A cerimônia será realizada na Base Aérea de Dover, em Delaware, onde os restos mortais dos soldados americanos mortos no exterior serão devolvidos ao solo americano.
Os soldados mortos, cinco homens e uma mulher com idades entre os 20 e os 54 anos, foram atribuídos ao 103.º Comando, unidade que fornece às tropas alimentos, combustível, equipamento e munições.
A transferência digna é uma das tarefas mais solenes empreendidas pelo Presidente dos Estados Unidos.
A procissão não é uma cerimónia oficial do governo, mas sim uma cerimónia militar cuidadosamente coreografada, na qual caixões cobertos com bandeiras contendo os restos mortais dos soldados mortos são transportados do avião por um grupo de militares do mesmo ramo.
Os casos são então transferidos para veículos que os levam ao necrotério em Dover, onde o sistema médico legista das Forças Armadas identificará e preparará os restos mortais para o sepultamento.
Trump participou em várias transferências deste tipo ao longo da sua presidência, e a Casa Branca disse anteriormente que iria homenagear as seis pessoas mortas no Kuwait, mesmo antes de a data ser anunciada.
A porta-voz da Casa Branca, Carolyn Leavitt, disse: “amanhã ele viajará para a Base Conjunta de Dover para participar de um funeral de estado para os seis soldados que foram mortos no ataque inicial do Irã às nossas forças”.

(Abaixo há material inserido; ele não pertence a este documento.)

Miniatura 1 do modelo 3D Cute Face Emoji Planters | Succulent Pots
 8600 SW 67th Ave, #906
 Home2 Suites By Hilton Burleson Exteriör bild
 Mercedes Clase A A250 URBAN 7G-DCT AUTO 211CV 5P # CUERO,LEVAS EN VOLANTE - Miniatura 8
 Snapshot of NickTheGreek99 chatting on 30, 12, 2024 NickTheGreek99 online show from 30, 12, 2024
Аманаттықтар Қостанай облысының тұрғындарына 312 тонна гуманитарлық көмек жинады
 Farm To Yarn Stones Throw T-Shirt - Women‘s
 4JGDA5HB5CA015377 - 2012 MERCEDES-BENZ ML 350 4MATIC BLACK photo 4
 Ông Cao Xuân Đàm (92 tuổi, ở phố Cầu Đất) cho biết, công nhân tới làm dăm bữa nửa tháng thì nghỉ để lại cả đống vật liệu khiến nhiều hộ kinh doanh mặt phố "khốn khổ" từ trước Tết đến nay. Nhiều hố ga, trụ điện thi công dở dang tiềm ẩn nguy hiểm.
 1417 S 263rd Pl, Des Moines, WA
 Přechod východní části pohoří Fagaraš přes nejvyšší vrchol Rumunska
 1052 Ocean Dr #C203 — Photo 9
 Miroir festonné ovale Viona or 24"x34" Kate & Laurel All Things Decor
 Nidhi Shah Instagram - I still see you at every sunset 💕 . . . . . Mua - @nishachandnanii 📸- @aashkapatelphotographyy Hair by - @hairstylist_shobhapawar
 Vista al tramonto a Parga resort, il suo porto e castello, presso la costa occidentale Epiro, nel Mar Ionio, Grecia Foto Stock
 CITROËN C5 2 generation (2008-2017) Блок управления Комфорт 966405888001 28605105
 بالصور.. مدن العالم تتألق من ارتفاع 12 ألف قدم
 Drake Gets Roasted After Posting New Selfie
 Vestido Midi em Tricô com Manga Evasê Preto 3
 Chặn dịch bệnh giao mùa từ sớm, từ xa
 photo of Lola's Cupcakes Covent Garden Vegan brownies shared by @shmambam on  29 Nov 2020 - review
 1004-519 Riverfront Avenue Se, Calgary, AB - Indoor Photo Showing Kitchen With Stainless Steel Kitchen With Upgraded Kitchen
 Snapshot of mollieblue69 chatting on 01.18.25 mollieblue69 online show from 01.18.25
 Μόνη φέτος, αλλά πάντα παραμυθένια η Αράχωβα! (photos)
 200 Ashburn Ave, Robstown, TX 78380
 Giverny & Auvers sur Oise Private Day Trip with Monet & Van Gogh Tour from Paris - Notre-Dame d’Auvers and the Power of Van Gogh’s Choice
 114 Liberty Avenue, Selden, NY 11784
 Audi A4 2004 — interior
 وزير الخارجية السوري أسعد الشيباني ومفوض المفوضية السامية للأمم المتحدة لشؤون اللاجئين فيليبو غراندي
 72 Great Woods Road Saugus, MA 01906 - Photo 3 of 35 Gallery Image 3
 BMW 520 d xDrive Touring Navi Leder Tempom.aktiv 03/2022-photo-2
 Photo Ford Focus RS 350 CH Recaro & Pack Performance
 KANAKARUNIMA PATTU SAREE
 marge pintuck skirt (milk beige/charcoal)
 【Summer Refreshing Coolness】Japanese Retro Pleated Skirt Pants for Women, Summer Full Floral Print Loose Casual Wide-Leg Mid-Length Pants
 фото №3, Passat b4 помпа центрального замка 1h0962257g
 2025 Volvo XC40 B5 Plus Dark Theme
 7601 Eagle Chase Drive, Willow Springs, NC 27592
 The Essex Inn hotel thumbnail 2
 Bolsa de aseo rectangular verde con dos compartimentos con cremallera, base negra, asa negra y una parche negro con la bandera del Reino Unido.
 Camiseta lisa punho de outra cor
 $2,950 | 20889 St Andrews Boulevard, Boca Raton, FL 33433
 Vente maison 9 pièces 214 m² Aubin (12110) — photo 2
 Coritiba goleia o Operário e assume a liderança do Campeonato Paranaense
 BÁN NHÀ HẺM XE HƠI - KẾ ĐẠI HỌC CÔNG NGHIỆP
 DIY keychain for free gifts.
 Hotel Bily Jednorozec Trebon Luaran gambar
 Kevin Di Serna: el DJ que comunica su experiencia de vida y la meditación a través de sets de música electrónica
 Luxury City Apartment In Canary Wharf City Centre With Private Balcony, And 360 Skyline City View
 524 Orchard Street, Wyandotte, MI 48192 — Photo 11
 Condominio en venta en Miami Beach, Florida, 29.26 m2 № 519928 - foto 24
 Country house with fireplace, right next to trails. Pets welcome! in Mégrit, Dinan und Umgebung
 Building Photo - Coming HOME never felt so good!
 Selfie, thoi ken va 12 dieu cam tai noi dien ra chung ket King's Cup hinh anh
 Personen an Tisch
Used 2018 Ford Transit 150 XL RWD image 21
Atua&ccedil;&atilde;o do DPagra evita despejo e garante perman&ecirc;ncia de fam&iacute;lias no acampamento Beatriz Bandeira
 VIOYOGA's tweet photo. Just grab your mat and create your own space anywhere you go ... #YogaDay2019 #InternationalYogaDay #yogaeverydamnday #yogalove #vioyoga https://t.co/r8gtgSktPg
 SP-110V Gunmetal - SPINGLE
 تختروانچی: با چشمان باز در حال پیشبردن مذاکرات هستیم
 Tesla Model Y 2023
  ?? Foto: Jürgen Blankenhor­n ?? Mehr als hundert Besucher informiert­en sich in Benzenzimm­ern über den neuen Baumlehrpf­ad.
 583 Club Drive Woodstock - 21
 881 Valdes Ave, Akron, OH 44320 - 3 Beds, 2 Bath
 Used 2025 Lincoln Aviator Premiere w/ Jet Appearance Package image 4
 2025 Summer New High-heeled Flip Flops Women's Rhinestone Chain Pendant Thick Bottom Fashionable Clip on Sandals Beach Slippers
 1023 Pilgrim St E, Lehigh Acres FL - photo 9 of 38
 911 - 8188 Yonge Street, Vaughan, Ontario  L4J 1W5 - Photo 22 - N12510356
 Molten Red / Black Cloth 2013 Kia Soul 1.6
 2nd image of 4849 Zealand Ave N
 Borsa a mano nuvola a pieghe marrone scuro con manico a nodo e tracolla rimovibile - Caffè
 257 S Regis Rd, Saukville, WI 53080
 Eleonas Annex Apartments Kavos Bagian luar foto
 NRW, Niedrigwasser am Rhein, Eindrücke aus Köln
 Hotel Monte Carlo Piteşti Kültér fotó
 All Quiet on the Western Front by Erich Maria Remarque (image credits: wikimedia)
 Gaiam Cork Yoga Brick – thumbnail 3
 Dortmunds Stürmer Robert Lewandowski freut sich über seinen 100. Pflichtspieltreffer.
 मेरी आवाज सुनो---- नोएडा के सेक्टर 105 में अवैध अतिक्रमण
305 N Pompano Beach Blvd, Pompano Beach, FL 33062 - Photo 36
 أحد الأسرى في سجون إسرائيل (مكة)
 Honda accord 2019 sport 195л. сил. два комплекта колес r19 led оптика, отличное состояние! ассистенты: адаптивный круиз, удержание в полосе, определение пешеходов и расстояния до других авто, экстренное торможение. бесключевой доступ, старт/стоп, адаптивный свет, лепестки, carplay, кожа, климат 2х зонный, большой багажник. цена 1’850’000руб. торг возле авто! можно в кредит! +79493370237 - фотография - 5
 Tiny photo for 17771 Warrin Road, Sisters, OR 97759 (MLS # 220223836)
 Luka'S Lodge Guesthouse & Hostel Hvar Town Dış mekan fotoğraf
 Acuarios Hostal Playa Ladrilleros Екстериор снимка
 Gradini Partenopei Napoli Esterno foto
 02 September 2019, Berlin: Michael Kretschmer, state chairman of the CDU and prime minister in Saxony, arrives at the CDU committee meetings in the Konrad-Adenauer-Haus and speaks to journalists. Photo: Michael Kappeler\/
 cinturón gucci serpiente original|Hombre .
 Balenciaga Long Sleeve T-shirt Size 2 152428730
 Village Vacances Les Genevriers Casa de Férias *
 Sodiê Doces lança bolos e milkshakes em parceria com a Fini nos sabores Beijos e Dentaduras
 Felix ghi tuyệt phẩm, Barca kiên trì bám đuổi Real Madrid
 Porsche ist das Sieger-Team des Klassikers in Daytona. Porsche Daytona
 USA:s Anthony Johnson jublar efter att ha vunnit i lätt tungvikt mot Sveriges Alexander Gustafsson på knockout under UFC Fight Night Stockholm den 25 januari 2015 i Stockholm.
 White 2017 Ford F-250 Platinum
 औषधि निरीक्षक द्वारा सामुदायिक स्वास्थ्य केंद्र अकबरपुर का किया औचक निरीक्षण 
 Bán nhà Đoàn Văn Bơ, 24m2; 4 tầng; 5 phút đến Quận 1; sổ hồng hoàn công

O ataque que os matou sublinhou os perigos enfrentados pelo pessoal americano destacado no Médio Oriente à medida que o conflito com o Irão aumenta e enquanto Teerão dispara drones e mísseis contra alvos americanos e aliados em toda a região.
Autoridades dos EUA alertaram que o conflito pode se intensificar nos próximos dias.